■ **Requirement**
Copy exactly the line containing "Kabut asap tebal" and all the lines that follow it to the end of the records, minus the pictures.

Entries taken from a collection
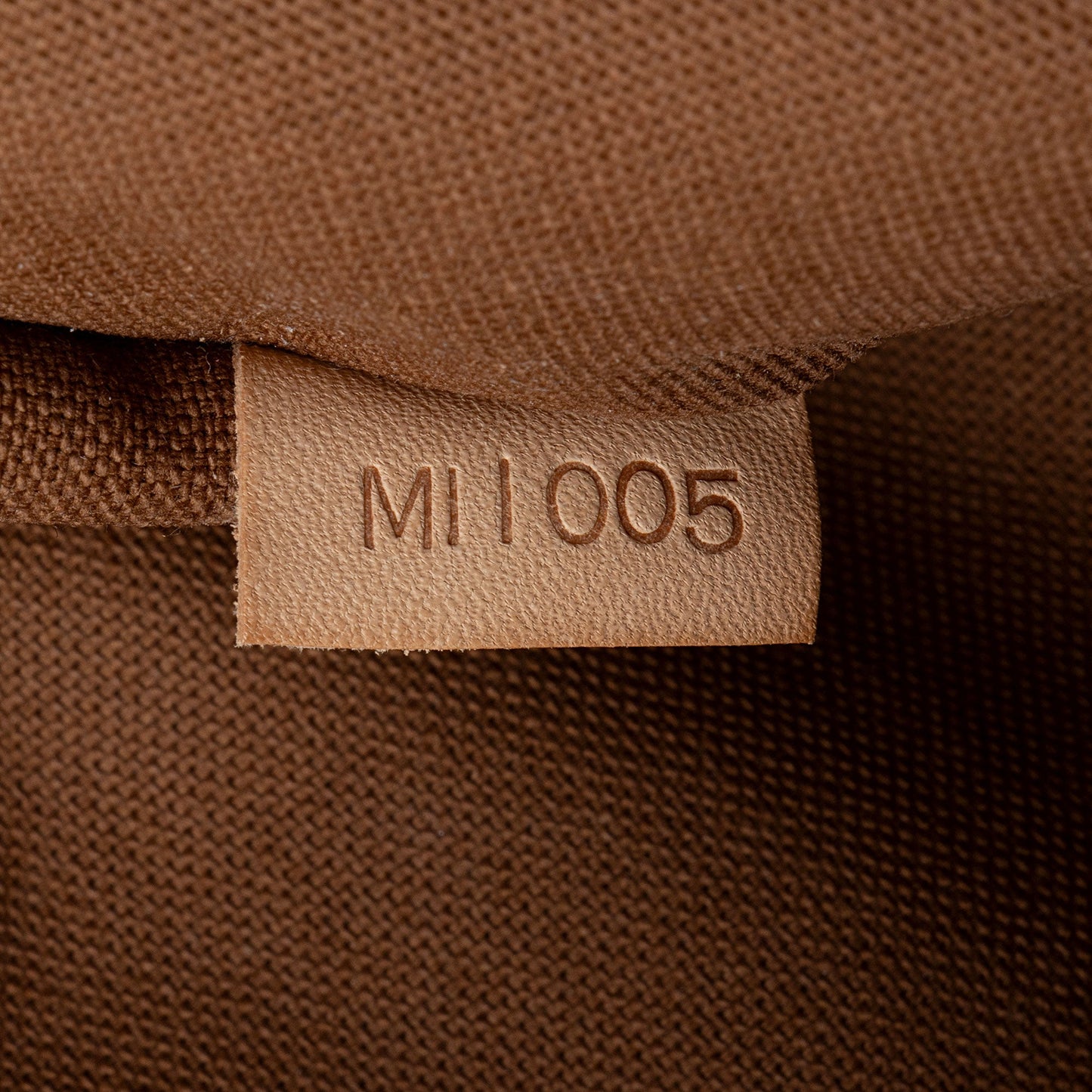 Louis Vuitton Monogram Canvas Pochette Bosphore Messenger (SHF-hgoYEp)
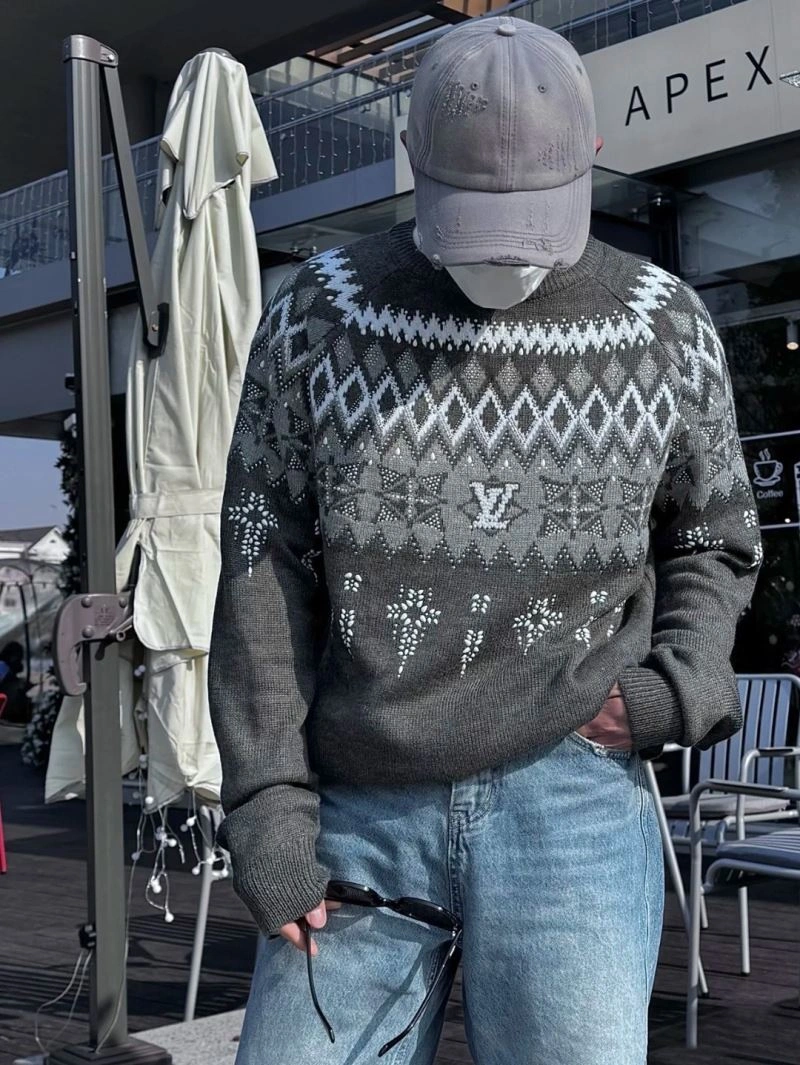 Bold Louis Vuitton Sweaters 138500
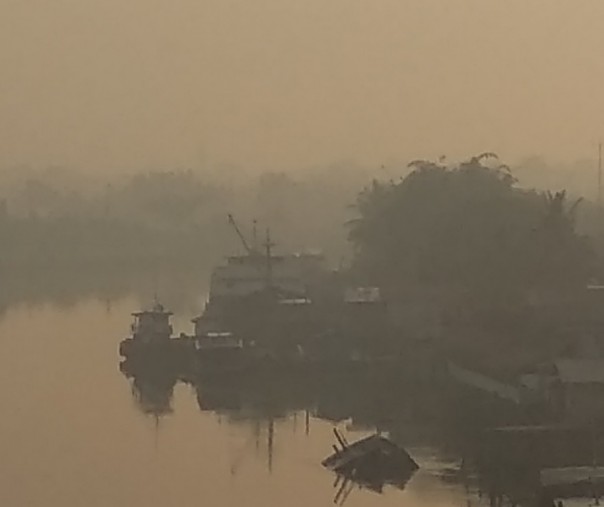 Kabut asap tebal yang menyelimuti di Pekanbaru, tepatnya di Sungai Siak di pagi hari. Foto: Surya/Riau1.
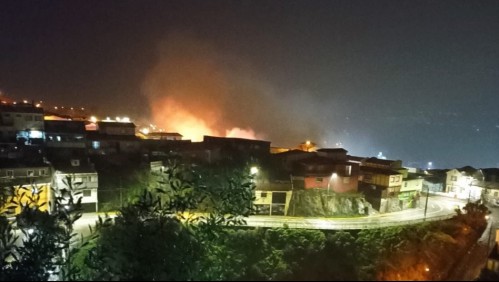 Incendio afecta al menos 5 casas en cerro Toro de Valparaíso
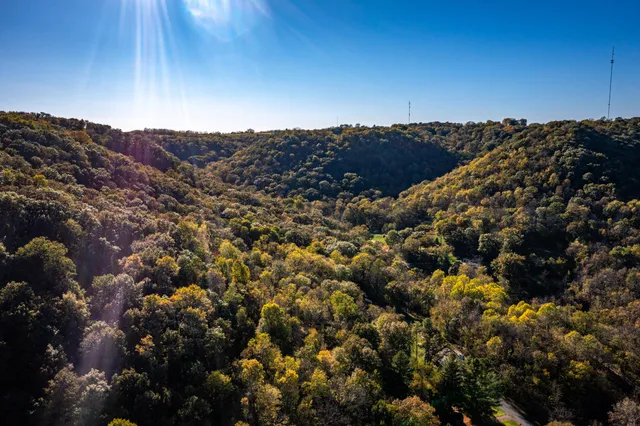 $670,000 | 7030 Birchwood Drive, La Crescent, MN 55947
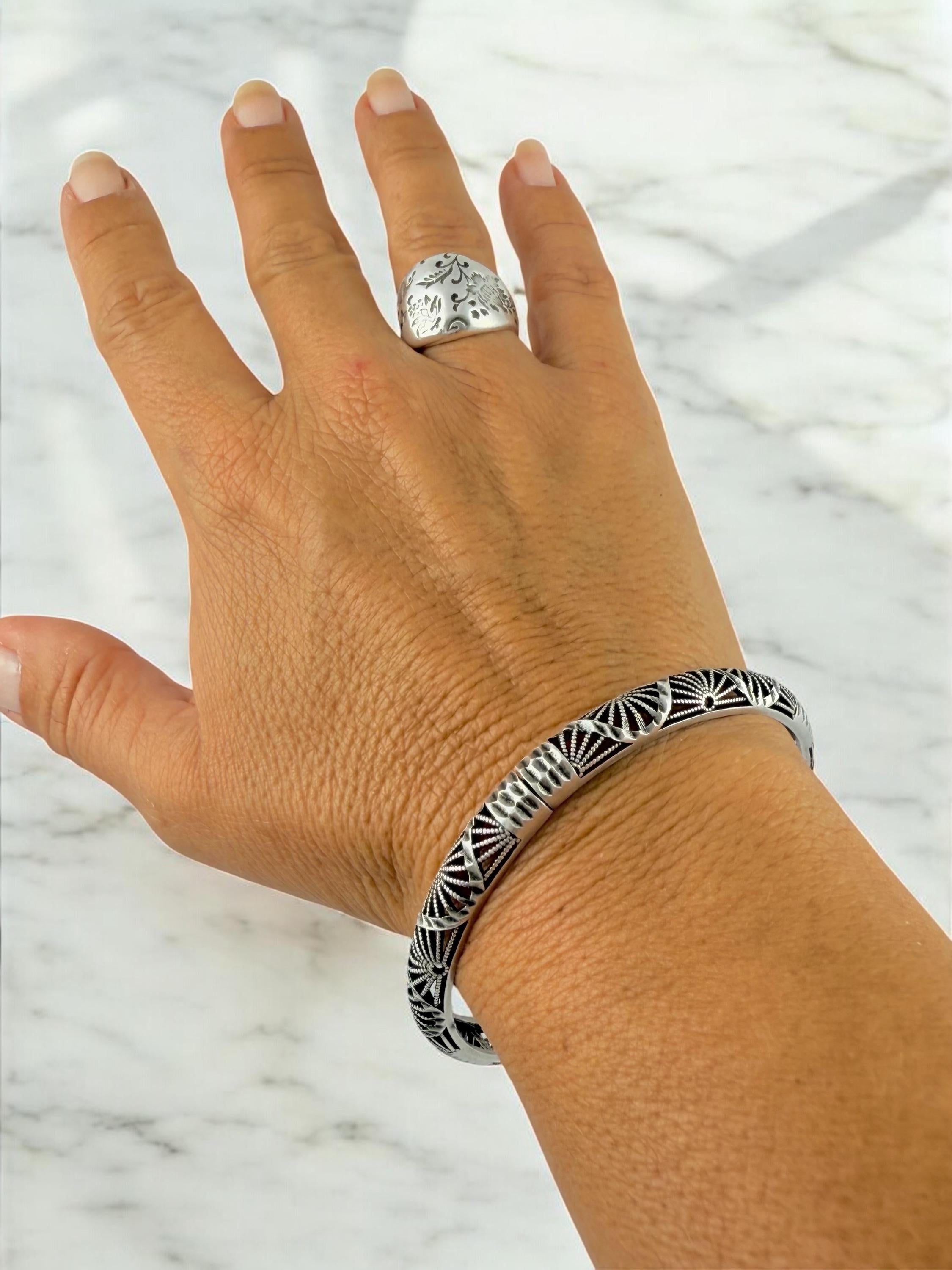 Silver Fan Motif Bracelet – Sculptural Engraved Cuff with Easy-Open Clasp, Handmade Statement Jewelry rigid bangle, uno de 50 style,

■ **Written solution**
 Kabut asap tebal yang menyelimuti di Pekanbaru, tepatnya di Sungai Siak di pagi hari. Foto: Surya/Riau1.
 Incendio afecta al menos 5 casas en cerro Toro de Valparaíso
 $670,000 | 7030 Birchwood Drive, La Crescent, MN 55947
 Silver Fan Motif Bracelet – Sculptural Engraved Cuff with Easy-Open Clasp, Handmade Statement Jewelry rigid bangle, uno de 50 style,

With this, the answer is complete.